Le triomphe de l’arbre
Le film ne donne à voir la médiathèque que par les plans exposés chez Antoine Pergola ; elle ne dépassera jamais le stade de l’image dans l’image filmique. Invisible ou presque, le bâtiment est pourtant au centre des discussions de L’arbre, le maire et la médiathèque. Un même plan revient souvent lors de ces dialogues : celui du pré au milieu duquel trône l’arbre que la médiathèque est censée remplacer. Ce plan ouvre le film, puis plusieurs autres vues du pré scanderont l’histoire, notamment lorsque le maire explique le projet de médiathèque à sa compagne Bérénice (chapitre II), ou lorsque l’instituteur se rend dans le pré avec sa femme et sa fille et conteste le projet au nom de la beauté du lieu (chapitre III), ou bien encore lorsque Blandine, en reportage à Saint-Juire, prend des photographies de l’arbre (chapitre IV), qui feront la une de son magazine.

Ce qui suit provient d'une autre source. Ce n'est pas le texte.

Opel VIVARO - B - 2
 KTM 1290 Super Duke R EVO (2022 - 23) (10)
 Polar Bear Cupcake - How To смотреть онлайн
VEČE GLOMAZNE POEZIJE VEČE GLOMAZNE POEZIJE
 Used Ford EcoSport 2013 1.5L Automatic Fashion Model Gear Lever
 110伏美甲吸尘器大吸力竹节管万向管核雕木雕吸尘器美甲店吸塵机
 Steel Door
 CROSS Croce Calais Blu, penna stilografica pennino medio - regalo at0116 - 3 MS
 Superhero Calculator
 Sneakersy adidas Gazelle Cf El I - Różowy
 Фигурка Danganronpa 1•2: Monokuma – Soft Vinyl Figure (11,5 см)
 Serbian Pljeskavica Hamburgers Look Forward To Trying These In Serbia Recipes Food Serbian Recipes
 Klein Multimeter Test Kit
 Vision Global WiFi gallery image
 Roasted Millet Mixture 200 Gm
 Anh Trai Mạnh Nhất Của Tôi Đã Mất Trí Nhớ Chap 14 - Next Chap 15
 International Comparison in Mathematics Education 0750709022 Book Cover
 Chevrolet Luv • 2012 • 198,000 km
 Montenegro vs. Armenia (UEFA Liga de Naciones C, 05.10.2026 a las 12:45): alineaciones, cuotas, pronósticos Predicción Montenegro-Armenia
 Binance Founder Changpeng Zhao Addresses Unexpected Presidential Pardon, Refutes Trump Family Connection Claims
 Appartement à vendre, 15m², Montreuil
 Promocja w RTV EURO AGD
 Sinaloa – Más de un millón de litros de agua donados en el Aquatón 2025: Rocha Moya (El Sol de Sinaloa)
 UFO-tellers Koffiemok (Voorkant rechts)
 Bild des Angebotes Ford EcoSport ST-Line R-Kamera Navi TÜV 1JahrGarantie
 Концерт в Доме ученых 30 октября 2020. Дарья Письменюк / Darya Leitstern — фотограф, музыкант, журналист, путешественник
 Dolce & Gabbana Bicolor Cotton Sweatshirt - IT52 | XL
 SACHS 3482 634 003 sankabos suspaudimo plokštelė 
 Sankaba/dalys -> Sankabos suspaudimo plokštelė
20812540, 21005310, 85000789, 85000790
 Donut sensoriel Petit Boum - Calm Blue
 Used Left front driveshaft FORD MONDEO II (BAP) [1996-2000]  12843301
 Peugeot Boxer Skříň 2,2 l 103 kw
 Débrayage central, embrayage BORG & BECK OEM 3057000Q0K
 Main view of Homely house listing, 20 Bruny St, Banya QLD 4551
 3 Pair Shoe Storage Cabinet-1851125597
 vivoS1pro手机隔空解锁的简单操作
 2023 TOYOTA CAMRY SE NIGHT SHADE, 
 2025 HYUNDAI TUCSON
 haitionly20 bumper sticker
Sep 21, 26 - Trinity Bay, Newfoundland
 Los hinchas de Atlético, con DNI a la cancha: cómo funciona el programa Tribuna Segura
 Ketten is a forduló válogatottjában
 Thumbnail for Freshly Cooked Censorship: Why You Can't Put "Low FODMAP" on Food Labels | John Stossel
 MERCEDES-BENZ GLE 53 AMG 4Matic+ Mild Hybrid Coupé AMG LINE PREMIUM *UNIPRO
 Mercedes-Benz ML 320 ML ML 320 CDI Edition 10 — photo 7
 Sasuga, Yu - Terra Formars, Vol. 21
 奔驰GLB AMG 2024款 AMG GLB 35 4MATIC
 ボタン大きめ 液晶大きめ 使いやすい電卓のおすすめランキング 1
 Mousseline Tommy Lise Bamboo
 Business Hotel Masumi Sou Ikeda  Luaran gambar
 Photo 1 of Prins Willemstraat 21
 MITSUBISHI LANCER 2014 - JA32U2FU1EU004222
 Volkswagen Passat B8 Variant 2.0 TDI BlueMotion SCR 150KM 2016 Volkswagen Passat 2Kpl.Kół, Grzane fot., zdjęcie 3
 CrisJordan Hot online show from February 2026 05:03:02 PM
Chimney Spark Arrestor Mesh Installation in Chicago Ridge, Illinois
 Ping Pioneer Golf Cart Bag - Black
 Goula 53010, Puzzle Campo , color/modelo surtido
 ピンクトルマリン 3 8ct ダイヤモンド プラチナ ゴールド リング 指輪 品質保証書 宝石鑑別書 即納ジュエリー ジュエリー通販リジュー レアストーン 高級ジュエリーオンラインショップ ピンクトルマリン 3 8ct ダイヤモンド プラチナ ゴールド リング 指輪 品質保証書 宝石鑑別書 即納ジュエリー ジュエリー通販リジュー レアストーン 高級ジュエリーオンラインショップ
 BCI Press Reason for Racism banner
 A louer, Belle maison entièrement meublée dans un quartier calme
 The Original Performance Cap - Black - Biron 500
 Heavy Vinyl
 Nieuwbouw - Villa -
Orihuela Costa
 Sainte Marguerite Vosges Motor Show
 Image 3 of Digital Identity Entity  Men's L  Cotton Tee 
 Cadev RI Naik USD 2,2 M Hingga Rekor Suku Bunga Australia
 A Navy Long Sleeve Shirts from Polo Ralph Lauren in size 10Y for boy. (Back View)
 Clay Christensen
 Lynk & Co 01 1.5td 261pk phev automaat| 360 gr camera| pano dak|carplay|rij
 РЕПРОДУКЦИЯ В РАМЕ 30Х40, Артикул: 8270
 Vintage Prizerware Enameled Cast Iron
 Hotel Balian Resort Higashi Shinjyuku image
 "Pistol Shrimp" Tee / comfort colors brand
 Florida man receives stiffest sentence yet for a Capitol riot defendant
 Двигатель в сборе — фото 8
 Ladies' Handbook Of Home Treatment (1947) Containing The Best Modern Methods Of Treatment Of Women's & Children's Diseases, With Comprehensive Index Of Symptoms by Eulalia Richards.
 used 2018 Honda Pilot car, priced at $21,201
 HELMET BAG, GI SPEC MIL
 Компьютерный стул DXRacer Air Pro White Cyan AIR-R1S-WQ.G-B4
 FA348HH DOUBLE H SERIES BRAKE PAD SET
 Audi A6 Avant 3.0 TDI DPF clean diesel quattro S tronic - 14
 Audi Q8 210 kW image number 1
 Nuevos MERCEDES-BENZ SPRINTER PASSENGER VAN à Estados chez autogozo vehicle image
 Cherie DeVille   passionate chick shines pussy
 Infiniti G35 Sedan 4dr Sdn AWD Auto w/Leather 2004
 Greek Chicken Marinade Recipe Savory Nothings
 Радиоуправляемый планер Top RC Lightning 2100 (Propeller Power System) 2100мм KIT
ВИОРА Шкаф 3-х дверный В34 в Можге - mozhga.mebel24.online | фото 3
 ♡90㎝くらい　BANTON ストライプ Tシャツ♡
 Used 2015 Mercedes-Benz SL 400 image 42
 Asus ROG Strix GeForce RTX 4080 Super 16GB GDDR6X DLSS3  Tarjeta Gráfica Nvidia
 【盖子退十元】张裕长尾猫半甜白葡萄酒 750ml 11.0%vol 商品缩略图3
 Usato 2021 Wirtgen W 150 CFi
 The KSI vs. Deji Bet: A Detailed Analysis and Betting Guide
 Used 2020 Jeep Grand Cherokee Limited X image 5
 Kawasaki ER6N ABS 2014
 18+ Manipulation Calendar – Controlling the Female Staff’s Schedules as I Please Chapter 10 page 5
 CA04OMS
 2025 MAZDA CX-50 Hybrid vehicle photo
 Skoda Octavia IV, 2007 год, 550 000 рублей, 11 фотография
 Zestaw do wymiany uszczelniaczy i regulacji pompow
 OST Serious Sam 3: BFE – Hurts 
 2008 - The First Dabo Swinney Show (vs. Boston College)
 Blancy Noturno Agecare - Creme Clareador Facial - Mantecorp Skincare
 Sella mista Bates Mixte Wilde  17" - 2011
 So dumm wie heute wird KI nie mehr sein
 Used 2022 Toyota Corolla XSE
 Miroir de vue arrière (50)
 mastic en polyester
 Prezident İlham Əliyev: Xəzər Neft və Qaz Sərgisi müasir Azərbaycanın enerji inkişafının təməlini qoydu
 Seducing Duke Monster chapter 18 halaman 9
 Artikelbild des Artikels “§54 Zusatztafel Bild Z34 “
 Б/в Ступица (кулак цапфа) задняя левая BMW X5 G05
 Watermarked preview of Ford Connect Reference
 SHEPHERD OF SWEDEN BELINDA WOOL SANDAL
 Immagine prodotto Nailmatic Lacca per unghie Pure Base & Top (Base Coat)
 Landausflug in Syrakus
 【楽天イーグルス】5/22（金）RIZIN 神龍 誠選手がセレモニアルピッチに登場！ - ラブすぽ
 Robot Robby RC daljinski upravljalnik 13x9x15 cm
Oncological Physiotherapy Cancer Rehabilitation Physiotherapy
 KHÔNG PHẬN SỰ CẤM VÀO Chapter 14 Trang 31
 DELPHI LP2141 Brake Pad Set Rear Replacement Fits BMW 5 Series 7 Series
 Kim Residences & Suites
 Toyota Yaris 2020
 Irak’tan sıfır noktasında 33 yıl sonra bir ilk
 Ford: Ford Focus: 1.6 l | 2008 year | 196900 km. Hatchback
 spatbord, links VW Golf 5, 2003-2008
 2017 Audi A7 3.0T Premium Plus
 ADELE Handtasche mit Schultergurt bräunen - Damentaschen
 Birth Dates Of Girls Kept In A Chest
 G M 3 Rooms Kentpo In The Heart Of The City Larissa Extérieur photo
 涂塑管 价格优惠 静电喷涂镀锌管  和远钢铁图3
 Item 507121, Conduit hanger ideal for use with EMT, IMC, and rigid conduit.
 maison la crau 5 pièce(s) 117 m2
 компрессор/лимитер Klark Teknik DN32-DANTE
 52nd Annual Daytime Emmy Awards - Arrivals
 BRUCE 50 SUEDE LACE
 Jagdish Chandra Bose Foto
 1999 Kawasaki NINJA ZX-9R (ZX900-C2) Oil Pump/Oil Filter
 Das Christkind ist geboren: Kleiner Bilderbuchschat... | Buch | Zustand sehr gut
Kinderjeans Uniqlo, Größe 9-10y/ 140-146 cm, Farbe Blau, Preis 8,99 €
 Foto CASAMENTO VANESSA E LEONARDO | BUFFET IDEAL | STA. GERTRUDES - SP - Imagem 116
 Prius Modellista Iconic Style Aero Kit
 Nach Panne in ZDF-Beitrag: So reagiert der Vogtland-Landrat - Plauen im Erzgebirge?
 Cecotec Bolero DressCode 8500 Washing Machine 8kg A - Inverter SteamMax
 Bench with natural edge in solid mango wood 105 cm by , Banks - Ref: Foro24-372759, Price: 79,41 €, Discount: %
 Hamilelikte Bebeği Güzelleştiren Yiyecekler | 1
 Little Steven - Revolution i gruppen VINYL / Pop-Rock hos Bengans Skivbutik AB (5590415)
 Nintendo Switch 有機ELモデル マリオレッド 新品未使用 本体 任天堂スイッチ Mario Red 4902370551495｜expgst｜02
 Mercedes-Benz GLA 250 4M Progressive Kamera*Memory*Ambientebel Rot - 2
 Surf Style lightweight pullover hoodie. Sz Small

Alors même que la médiathèque est l’objet central des discussions, c’est l’arbre seul qui est visible et c’est même lui qui illustre les discours sur le futur centre de loisirs et de culture. Ce plan sur l’arbre utilise ce qui fait selon Rohmer le caractère même du cinéma : art d’enregistrement, celui-ci ne peut montrer que ce qui est : l’arbre, et non la médiathèque. La récurrence du même plan souligne avec une pointe d’ironie la stagnation du projet architectural, jusqu’à son abandon définitif.
Ainsi le paysage rural l’emporte-t-il sur les constructions urbaines. Quant au cinéma, il enregistre cette défaite (provisoire ?) de l’architecture mégalomaniaque et la donne ensuite à voir au spectateur, non sans un certain plaisir. L’enregistrement du réel n’implique pas forcément l’impartialité.